Tuesday, 19 July 2011

10 things to know before you go

A friend of mine (Mary) asked me to write her a list of 10 things to know before you go to Korea. I've decided to put it here for anyone else thinking of visiting Korea as a tourist. Please bear in mind these are merely my observations, as a white, female Briton.

1. Manners do not exist in Korea. At least not in the western sense. People will spit on the street, right next to you, you will hear them, right beside your ear hocking the stuff up. No one moves out of the way of each other, walking along the street everyone, especially adjummas (Adjumma is Korean for 'Miserable old bag') will bash you out of the way, practise tensing your shoulders now, if you're not prepared you will get pushed over. It is my personal belief that no one in Korea, and by extension this area of Asia, know what a queue is. You've been waiting here, for this lift/train/checkout, ages and most definitely before me? who cares? Your body is not totally pressed up against the person in front/your nose is not touching the train safety glass, therefore I am within my right to squeeze my body between yours and the train/lift/checkout and go in front of you. Something I think Korea could do with? Those signs you get on the London Underground 'Love is... waiting for others to get off the train before you board'. Richard Ashcroft would be fine:

  
2. Things are far away from each other in Seoul. The subway is excellent, especially the airport express. But just be aware your journey will take a long old time!

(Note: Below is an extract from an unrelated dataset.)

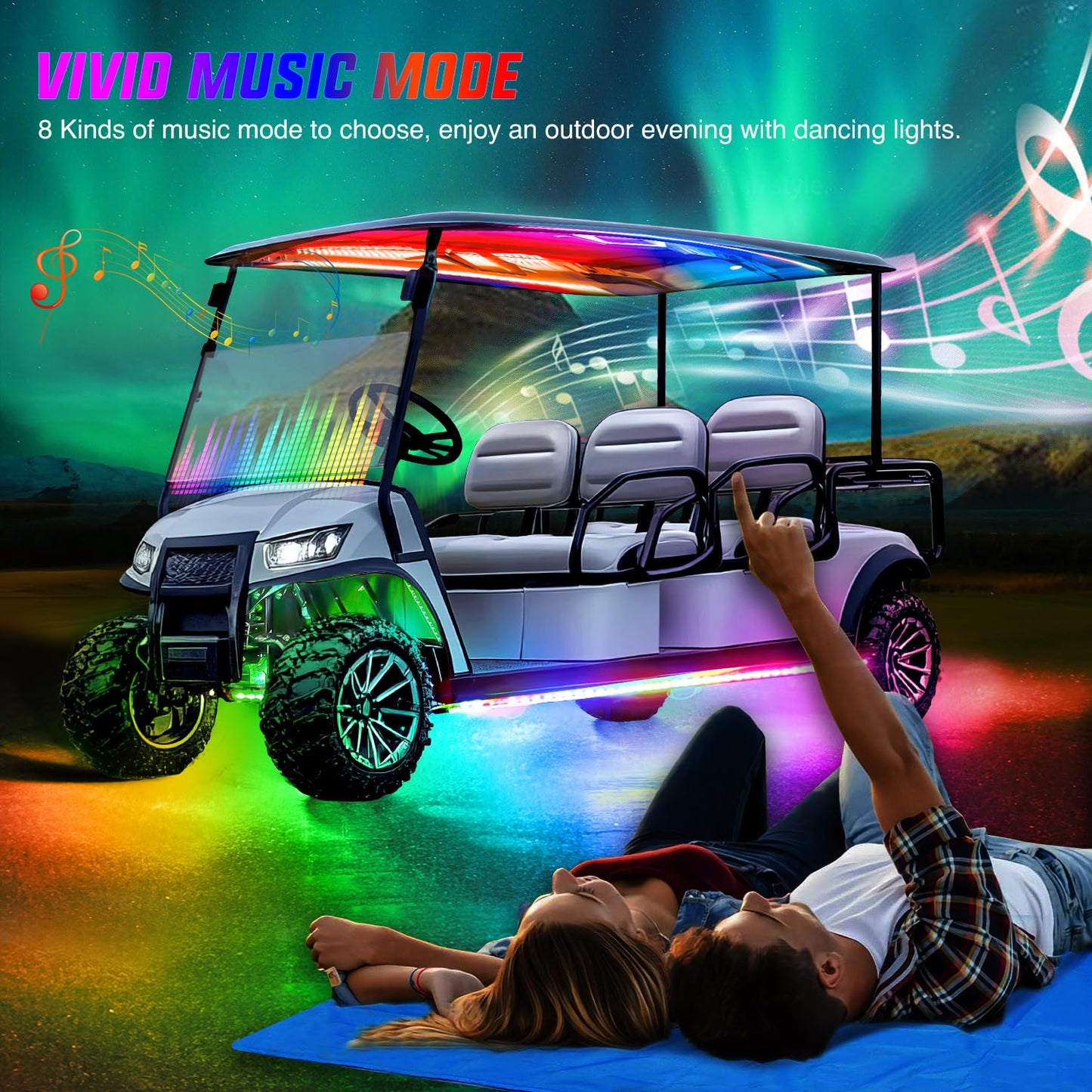 Nilight 6PCS Golf Cart Underbody Light Kit with Canopy Lights Dream Color Multi-Mode Neon Accent Lighting APP Remote Control Sound Active Music Sync IP67 Waterproof 12V-65V for EZGO Yamaha Club Car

3. Buy a t-money card (same as oyster). You will save time and money. You can use it on the subway, bus and airport express.

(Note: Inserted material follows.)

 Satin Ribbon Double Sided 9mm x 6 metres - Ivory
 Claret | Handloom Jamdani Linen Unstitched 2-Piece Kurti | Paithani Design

4. There are A LOT of Americans here. Everyone will assume you are American. Many people here are incredibly ignorant about anything not relating to the US. To them; you are white and therefore American. People speak American English and have a hard time understanding some British (or Australian/NZ/South African) pronunciation. Esp: can't, dance, castle.

5. No one can differentiate between England and the UK. I feel for any Brits from Wales or Scotland. The only place they know in the UK is Manchester Utd. A typical conversation with a Korean will go thus: Korean: "Where are you prom? Amelica?" Me: "No I'm from the UK, Yong Guk" Korean: 'Ahh Manchester United!!! Park Ji Sung, YOU KNOW?!! Bery good soccer player". If you don't know who he is, you will soon. 

6. There are hundreds and hundreds of coffee shops; starbucks, coffee bean, cafe bene, angel-in-us, hollys coffee. Koreans like to visit them often to socialise. Therefore they are usually quite busy, and the coffee there is exorbitantly priced.

7. You are white. You will be stared at. You will be stared at more if you wear sleeveless, strappy or 'low cut' (anything below your neck) tops. But as it is boiling hot I suggest just getting over the stares to avoid overheating.

8. DO NOT sit on the last 3 seat at either end of each subway carriage. These are STRICTLY reserved for the elderly or disabled.

9. Don't cross your legs on the subway, or indeed anywhere else in front of a Korean. It is considered rude. Blowing your nose in public is also considered rude and disgusting (sniffing is not though).

10. Koreans are terrible drivers. They drive in the same way they walk down the road, without looking or considering anyone else. Crossing the road becomes a game of chicken. That car is hurtling towards you, but if you don't walk out staring straight ahead, you will be waiting forever on the pavement (buses are the exception, you WILL get run over by a bus). Most Korean cars are automatic and no one has any control over speed, so you will (bus or taxi) travel down the road jerking along while the driver quickly alternates between the accelerator and the brake. If you have a hangover, I suggest you walk wherever you want to go. Also, on the bus especially, hold on for dear life, the bus driver will approach the bus stop at the highest speed possible before slamming on the brake, just in time. 

11. One for luck; Traditional culture dictates these last 2. As a foreigner no one will be offended if you don't, but if you want to fit in more: Always give things with 2 hands, money, drinks etc. Bow to people when you greet them. At times you feel like a nodding dog, and if you stay here long enough it becomes quite natural and you will do it when you go home too.